#### TASK ITEM:
Give the entries again exactly as they appear, but without the images.

Short text fragments from websites:
○ ○ ○ ○ ○ ○ ○

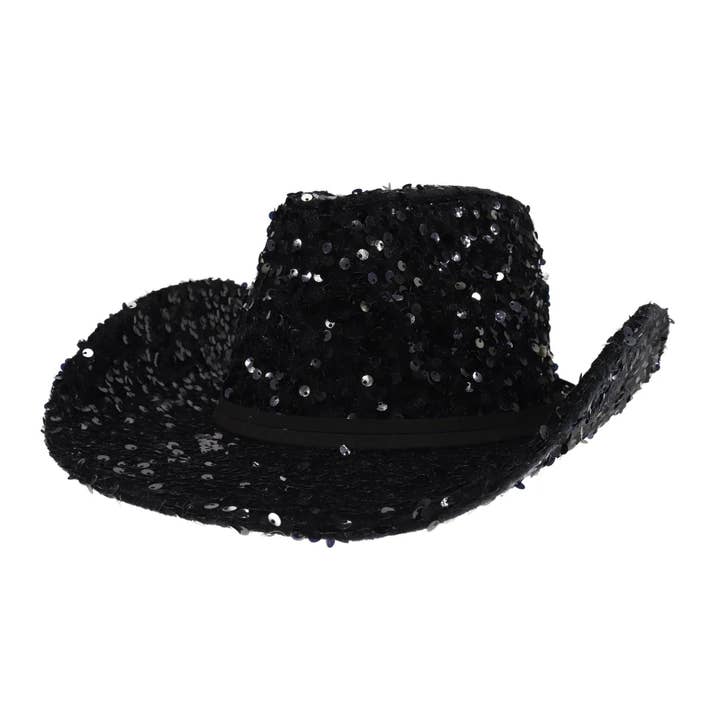 Clover + Cotton Co - Wholesale Cowboy Hat - Women's - NashVegas Sequin C.C Cowboy Hat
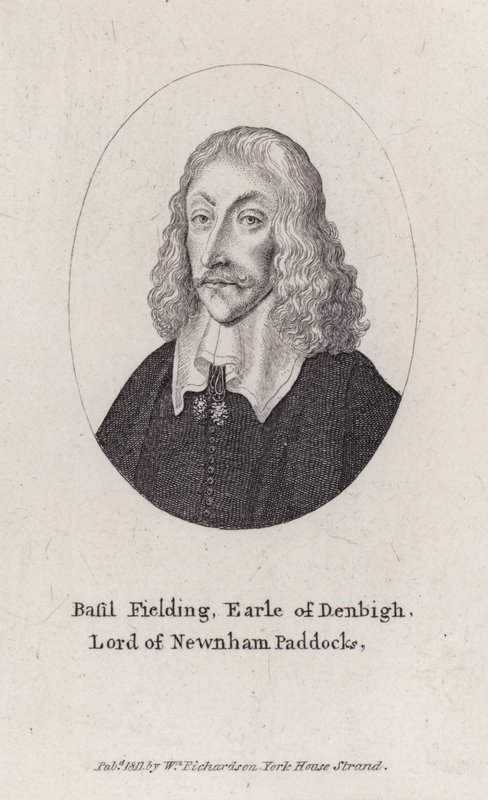 Basil Feilding, 2. Earl of Denbigh, englischer Diplomat, Politiker und Parlamentarischer Soldat im Bürgerkrieg (Stich) von Wenceslaus (after) Hollar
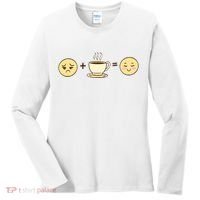 Coffee Emoji Women's Long Sleeve Shirt thumb 0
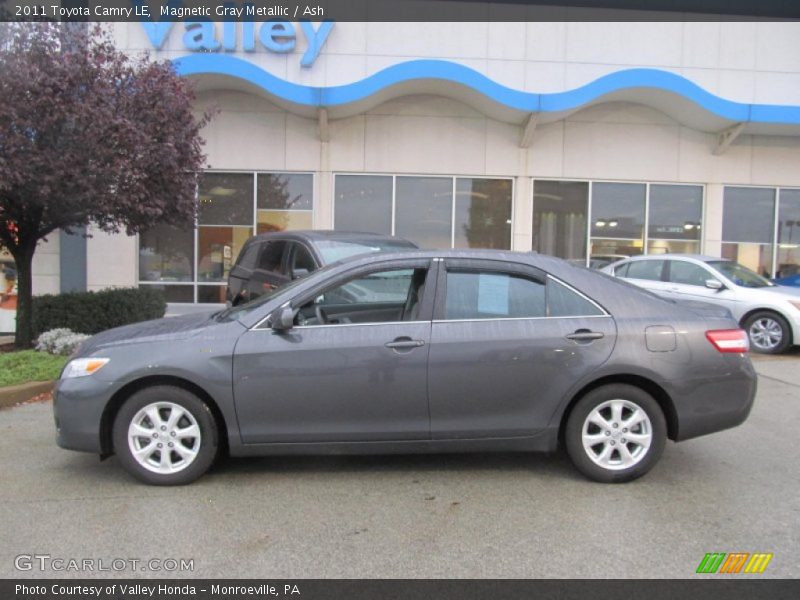 Magnetic Gray Metallic / Ash 2011 Toyota Camry LE
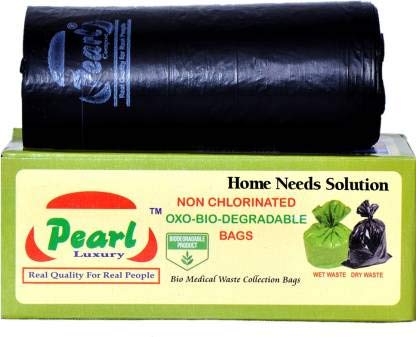 BIODEGRADABLE GARBAGE BAG - BLACK 17X19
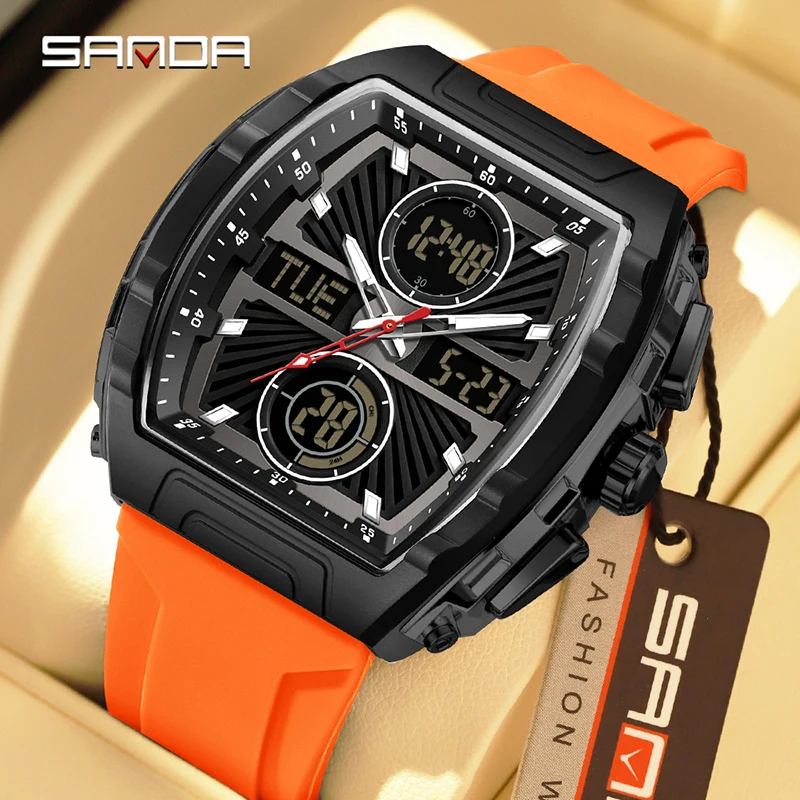 SANDA New Fashion Trend Men's  - Smartwatch Trending Watches For Men 리뷰 및 가격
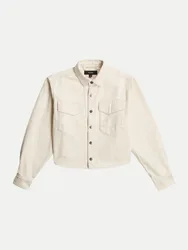 Overshirt im Relaxed-Fit Beige S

○ ○ ○ ○ ○ ○ ○

#### COMPLETED EXERCISE:
 Clover + Cotton Co - Wholesale Cowboy Hat - Women's - NashVegas Sequin C.C Cowboy Hat
 Basil Feilding, 2. Earl of Denbigh, englischer Diplomat, Politiker und Parlamentarischer Soldat im Bürgerkrieg (Stich) von Wenceslaus (after) Hollar
 Coffee Emoji Women's Long Sleeve Shirt thumb 0
 Magnetic Gray Metallic / Ash 2011 Toyota Camry LE
 BIODEGRADABLE GARBAGE BAG - BLACK 17X19
 SANDA New Fashion Trend Men's  - Smartwatch Trending Watches For Men 리뷰 및 가격
 Overshirt im Relaxed-Fit Beige S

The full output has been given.